Problem details —
Please give again, exactly and only, the stretch of lines from the one containing "1550 Bluewater Run, Chuluota, FL" to the end of the entries below.

[Dataset items]

------------------------------------

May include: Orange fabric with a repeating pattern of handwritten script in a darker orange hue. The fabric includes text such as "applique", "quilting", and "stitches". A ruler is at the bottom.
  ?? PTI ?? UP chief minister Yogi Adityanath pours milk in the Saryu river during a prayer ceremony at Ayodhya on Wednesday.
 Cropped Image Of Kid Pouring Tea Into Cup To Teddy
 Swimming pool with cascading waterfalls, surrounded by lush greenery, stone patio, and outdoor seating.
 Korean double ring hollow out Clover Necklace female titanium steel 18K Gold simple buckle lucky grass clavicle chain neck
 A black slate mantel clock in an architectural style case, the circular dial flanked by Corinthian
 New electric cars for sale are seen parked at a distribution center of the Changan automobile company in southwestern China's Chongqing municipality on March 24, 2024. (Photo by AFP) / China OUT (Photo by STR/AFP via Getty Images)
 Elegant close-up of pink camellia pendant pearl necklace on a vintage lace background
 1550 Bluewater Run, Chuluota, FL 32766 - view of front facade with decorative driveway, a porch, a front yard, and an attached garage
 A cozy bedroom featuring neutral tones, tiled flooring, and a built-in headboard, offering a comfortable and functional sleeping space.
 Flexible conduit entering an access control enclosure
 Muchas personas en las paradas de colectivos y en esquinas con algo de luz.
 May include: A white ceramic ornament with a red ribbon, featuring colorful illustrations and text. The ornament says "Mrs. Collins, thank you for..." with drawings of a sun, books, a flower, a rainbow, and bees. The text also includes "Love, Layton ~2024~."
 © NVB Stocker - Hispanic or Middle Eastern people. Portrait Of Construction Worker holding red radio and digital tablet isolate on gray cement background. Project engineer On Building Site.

------------------------------------

Exercise response —
 1550 Bluewater Run, Chuluota, FL 32766 - view of front facade with decorative driveway, a porch, a front yard, and an attached garage
 A cozy bedroom featuring neutral tones, tiled flooring, and a built-in headboard, offering a comfortable and functional sleeping space.
 Flexible conduit entering an access control enclosure
 Muchas personas en las paradas de colectivos y en esquinas con algo de luz.
 May include: A white ceramic ornament with a red ribbon, featuring colorful illustrations and text. The ornament says "Mrs. Collins, thank you for..." with drawings of a sun, books, a flower, a rainbow, and bees. The text also includes "Love, Layton ~2024~."
 © NVB Stocker - Hispanic or Middle Eastern people. Portrait Of Construction Worker holding red radio and digital tablet isolate on gray cement background. Project engineer On Building Site.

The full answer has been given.